Exercise brief: Only the lines below starting at the one containing "for 3-10 Aimee" and ending at the one containing "Prada Saffiano Metal" belong in the answer, each copied exactly.
(Beginning of Stored data)
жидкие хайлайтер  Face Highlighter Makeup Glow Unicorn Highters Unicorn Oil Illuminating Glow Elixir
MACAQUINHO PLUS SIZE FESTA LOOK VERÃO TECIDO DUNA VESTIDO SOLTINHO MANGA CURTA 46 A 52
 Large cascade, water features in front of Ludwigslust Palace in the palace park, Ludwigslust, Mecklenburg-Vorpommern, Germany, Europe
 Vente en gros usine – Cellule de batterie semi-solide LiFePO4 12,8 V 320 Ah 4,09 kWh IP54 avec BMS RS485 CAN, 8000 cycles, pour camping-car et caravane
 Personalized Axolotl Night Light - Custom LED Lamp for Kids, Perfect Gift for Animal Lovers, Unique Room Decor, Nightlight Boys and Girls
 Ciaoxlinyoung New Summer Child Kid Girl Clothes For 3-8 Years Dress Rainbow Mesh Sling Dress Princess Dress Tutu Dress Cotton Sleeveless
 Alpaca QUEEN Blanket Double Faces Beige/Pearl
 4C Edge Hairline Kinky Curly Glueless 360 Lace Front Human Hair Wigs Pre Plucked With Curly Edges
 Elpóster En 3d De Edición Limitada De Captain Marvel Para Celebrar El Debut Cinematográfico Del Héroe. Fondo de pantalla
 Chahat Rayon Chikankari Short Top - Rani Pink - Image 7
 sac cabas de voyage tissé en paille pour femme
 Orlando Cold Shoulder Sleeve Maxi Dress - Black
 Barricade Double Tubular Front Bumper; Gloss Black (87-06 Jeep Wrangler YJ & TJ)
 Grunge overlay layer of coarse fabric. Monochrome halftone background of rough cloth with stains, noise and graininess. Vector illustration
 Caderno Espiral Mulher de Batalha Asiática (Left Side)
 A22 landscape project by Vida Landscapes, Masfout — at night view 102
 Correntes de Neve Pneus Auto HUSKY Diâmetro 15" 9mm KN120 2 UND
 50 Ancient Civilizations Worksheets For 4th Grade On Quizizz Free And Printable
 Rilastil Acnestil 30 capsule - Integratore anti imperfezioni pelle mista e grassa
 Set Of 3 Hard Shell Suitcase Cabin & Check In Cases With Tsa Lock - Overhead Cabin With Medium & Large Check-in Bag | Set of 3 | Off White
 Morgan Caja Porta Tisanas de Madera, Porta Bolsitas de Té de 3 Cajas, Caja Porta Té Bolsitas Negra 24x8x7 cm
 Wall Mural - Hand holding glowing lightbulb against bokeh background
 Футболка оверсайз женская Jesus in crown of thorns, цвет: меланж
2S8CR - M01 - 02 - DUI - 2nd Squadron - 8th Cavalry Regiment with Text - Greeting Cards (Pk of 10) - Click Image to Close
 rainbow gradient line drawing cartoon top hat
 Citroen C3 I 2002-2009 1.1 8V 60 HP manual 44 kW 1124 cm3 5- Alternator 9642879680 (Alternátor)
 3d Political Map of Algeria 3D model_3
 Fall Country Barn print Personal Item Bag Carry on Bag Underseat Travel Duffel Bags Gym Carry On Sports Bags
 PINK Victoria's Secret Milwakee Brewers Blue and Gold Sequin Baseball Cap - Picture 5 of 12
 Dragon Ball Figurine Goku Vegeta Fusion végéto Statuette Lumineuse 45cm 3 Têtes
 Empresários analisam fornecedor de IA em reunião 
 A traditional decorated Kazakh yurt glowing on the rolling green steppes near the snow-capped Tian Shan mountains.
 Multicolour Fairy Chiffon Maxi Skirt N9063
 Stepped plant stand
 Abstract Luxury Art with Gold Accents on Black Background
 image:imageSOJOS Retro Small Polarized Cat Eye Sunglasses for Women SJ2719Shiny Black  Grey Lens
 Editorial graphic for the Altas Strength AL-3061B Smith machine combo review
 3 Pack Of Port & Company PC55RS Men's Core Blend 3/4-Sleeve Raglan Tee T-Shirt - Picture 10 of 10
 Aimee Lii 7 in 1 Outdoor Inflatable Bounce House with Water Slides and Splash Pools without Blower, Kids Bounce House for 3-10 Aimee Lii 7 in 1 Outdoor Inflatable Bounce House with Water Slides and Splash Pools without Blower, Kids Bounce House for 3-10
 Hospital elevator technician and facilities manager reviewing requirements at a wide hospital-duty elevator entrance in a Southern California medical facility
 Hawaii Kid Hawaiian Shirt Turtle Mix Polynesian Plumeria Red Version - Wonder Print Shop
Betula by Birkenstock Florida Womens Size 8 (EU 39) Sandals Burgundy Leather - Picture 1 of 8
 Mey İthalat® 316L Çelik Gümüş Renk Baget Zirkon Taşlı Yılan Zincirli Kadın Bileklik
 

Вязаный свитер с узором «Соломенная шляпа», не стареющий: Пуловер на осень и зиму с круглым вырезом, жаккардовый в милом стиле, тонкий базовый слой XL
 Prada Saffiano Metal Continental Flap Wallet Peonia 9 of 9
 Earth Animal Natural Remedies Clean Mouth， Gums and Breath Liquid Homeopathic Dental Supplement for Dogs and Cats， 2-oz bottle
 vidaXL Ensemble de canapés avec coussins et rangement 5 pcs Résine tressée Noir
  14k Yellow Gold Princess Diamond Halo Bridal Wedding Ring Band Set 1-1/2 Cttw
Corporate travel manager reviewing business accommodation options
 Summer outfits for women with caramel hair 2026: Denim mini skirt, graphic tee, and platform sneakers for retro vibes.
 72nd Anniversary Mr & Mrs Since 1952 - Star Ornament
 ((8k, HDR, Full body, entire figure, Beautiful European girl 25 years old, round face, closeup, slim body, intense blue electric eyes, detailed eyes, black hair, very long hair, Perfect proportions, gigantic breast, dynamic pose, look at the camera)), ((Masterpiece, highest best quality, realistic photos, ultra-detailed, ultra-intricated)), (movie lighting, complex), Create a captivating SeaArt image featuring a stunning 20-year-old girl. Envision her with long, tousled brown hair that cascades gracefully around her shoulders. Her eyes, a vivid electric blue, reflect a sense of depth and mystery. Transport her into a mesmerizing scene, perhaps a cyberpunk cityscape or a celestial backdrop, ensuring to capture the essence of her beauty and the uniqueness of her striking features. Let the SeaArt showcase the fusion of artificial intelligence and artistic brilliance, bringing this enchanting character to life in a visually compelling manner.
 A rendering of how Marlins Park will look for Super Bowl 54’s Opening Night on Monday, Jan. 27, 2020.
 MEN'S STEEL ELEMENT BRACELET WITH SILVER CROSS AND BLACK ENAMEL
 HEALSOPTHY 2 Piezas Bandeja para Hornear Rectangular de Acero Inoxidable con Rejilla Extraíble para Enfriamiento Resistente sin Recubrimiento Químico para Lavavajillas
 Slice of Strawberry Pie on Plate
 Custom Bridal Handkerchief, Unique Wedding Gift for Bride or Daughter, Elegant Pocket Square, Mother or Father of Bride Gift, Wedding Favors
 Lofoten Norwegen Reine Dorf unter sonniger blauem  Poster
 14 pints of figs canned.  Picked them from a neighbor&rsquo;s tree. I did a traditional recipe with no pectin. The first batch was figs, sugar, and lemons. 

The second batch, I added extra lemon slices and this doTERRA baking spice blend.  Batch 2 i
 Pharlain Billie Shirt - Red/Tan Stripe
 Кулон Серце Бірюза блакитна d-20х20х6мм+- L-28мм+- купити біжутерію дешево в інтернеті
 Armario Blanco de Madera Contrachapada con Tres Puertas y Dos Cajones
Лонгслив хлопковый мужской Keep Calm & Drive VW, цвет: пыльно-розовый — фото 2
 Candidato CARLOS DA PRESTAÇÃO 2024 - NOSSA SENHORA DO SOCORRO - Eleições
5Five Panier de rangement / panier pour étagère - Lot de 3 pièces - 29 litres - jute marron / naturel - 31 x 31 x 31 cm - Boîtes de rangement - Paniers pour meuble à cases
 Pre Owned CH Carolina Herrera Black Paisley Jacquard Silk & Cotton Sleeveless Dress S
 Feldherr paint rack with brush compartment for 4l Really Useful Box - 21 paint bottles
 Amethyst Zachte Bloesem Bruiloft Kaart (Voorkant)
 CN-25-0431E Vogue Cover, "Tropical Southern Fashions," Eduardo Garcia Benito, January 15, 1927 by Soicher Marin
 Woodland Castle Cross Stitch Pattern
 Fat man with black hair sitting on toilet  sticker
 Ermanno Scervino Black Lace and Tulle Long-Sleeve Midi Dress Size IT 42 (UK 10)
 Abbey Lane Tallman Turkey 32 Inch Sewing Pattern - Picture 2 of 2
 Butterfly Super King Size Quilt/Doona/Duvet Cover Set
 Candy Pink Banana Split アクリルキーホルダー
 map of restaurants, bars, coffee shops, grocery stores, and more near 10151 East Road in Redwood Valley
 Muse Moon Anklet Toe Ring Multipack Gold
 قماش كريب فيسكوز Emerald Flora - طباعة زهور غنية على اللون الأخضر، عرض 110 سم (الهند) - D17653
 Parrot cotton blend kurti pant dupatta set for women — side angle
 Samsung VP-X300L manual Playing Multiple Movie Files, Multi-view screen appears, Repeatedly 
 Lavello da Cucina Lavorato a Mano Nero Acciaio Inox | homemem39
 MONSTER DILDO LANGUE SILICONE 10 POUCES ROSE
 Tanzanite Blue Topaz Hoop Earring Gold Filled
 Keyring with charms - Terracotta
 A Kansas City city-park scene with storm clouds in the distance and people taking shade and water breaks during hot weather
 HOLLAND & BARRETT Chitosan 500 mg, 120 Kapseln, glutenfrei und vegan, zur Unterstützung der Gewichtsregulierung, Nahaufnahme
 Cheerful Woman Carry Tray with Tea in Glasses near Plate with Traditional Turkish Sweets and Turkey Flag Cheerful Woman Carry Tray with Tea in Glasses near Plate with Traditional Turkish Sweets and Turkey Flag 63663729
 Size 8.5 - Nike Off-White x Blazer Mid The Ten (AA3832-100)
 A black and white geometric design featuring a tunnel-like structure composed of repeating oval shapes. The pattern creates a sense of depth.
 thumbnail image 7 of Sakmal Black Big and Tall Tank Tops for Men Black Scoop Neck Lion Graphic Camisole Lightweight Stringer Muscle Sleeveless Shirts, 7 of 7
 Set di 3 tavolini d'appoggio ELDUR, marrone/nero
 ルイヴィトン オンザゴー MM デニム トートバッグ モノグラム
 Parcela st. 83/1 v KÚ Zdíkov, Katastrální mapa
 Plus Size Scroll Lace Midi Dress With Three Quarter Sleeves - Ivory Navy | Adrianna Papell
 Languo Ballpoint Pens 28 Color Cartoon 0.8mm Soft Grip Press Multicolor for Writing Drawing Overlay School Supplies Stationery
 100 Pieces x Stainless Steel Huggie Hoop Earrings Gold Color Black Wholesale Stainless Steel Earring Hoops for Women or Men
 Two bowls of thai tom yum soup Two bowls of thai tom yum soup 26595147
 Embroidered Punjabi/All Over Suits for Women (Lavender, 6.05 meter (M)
(End of Stored data)
Response:
 Aimee Lii 7 in 1 Outdoor Inflatable Bounce House with Water Slides and Splash Pools without Blower, Kids Bounce House for 3-10 Aimee Lii 7 in 1 Outdoor Inflatable Bounce House with Water Slides and Splash Pools without Blower, Kids Bounce House for 3-10
 Hospital elevator technician and facilities manager reviewing requirements at a wide hospital-duty elevator entrance in a Southern California medical facility
 Hawaii Kid Hawaiian Shirt Turtle Mix Polynesian Plumeria Red Version - Wonder Print Shop
Betula by Birkenstock Florida Womens Size 8 (EU 39) Sandals Burgundy Leather - Picture 1 of 8
 Mey İthalat® 316L Çelik Gümüş Renk Baget Zirkon Taşlı Yılan Zincirli Kadın Bileklik
 

Вязаный свитер с узором «Соломенная шляпа», не стареющий: Пуловер на осень и зиму с круглым вырезом, жаккардовый в милом стиле, тонкий базовый слой XL
 Prada Saffiano Metal Continental Flap Wallet Peonia 9 of 9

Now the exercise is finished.